Poking around OpenAI.


I haven’t spent much time playing around with the latest LLMs, and decided to spend some time doing so. I was particularly curious about the usecase of using embeddings to supplement user prompts with additional, relevant data (e.g. supply the current status of their recent tickets into the prompt where they might inquire about progress on said tickets). This usecase is interesting because it’s very attainable for existing companies and products to take advantage of, and I imagine it’s roughly how e.g. Stripe’s GPT4 integration with their documentation works.

To play around with that, I created a script that converts all of my writing into embeddings, tokenizes the user-supplied prompt to identify relevant sections of my content to inject into an expanded prompt, and sent that expanded prompt to OpenAI AI’s API.

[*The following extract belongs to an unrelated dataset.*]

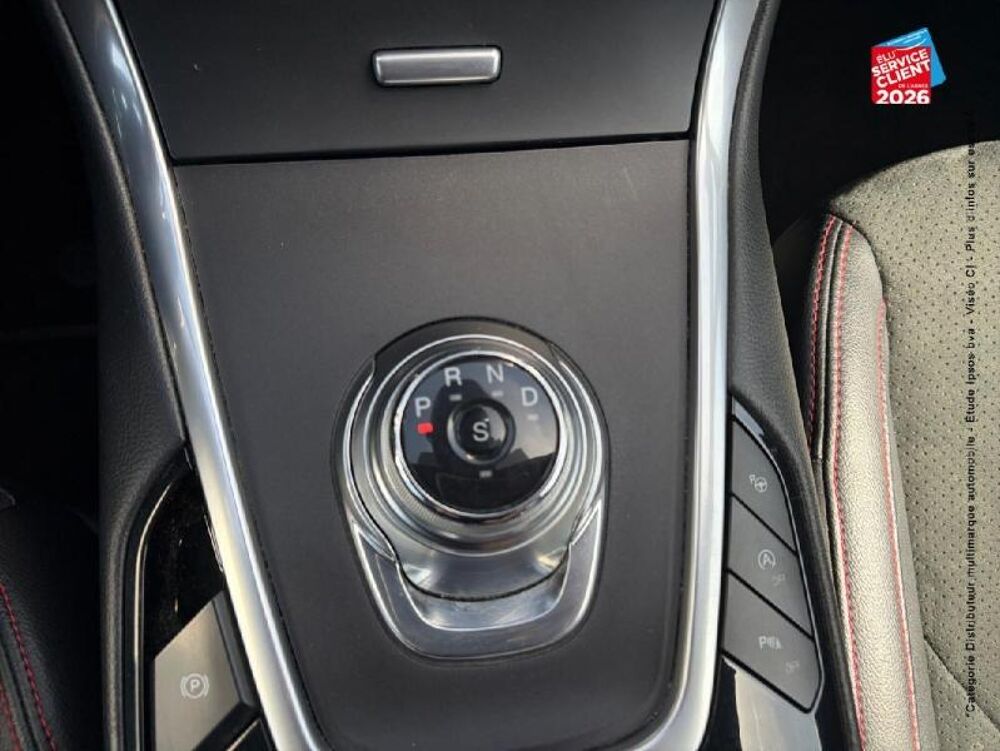 S-MAX 2.0 EcoBlue 150ch ST-Line BVA8 2019 occasion 25000 Besan&ccedil;on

You can see the code on Github, and read my notes on this project below.

References

This exploration is inspired by the recent work by Eugene Yan and Simon Willison. I owe particular thanks to Eugene Yan for his suggestions to improve the quality of the responses.

The code I’m sharing below is scrapped together from a number of sources:

I found none of the examples quite worked as documented, but ultimately I was able to get them working with some poking around, relearning Pandas, and so on.

Project

My project was to make the OpenAI API answer questions with awareness of all of my personal writing from this blog, StaffEng and Infrastructure Engineering. Specifically this means creating embeddings from Hugo blog posts in Markdown to use with OpenAI.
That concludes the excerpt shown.